From the line with "Cieszyn. Mimi szczęśliwie" to the line with "Russie : caprices", output every line below exactly, both ends included. Skip the pictures.

START RECORDS FOR PROCESSING

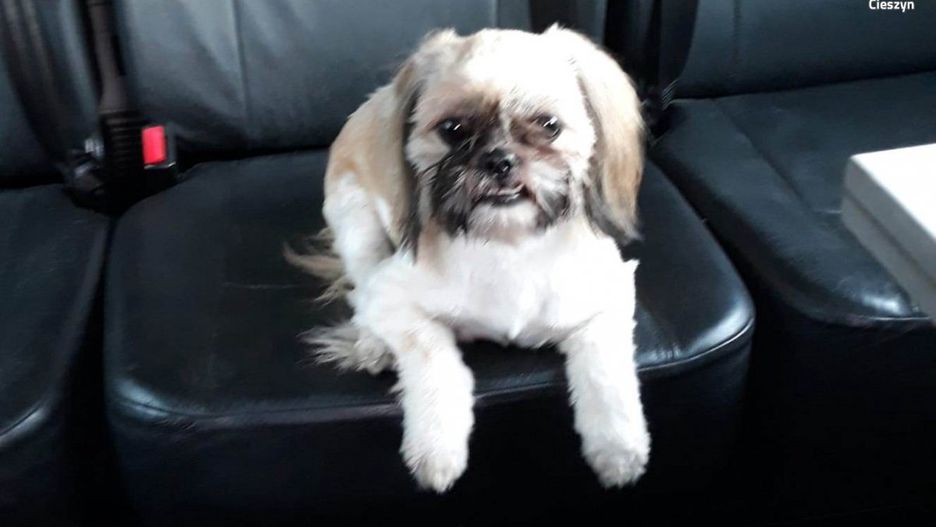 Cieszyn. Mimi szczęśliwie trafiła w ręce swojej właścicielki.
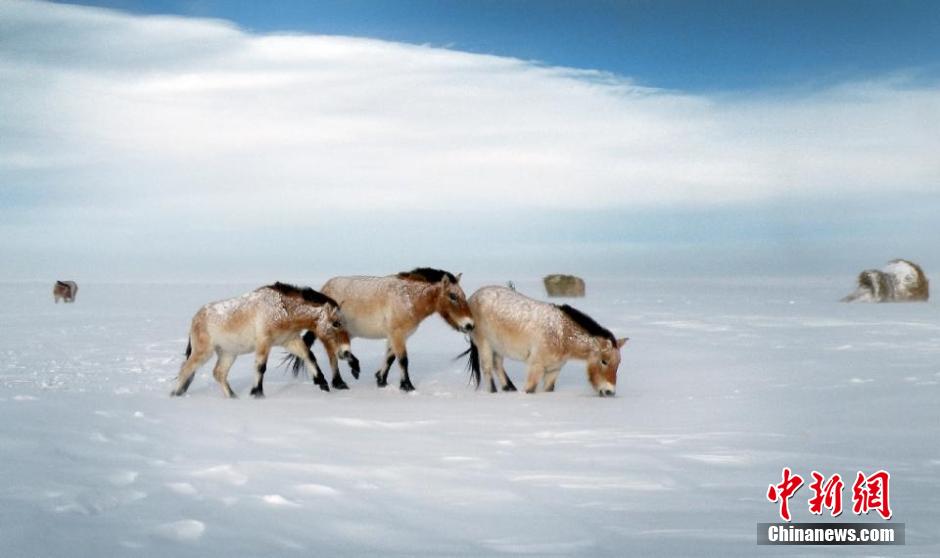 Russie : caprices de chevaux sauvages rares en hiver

END RECORDS FOR PROCESSING
START RECORDS FOR PROCESSING

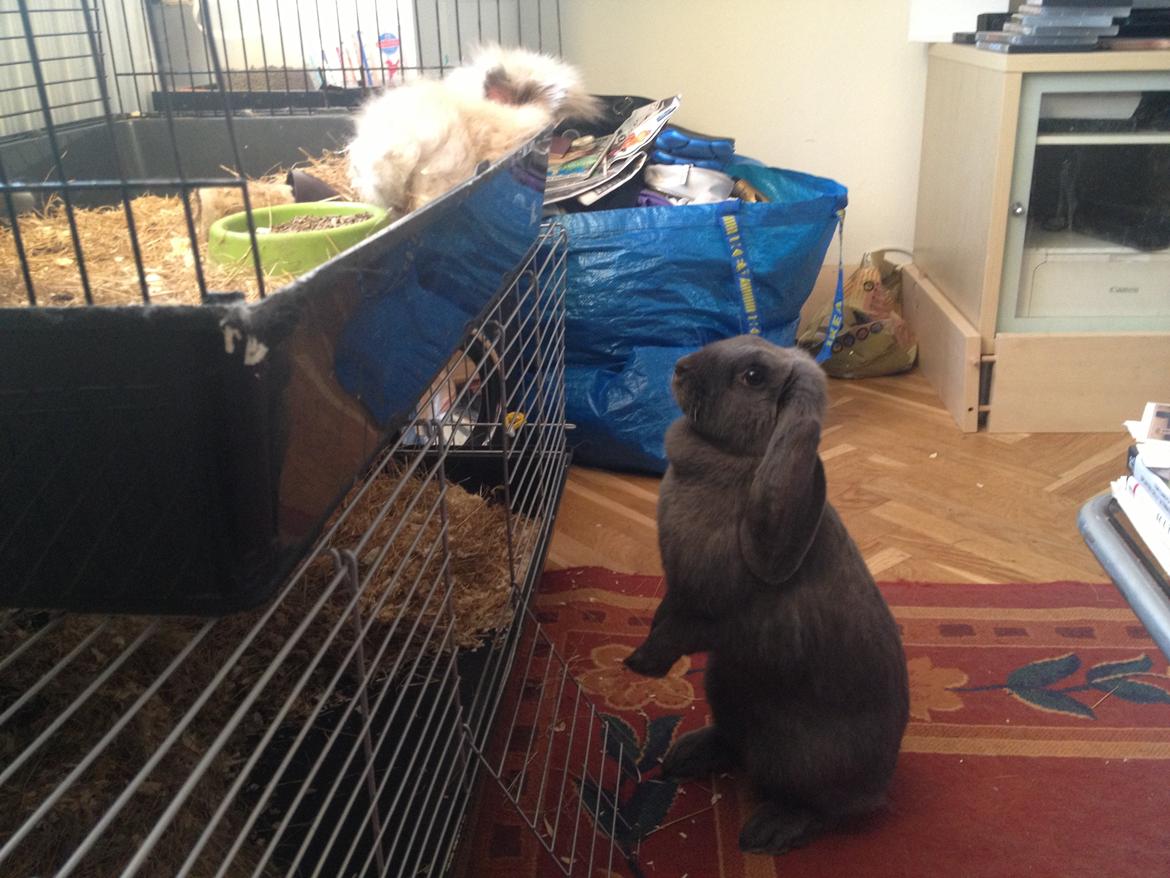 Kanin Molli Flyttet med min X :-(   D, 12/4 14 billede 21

END RECORDS FOR PROCESSING

ANSWER:
 Cieszyn. Mimi szczęśliwie trafiła w ręce swojej właścicielki.
 Russie : caprices de chevaux sauvages rares en hiver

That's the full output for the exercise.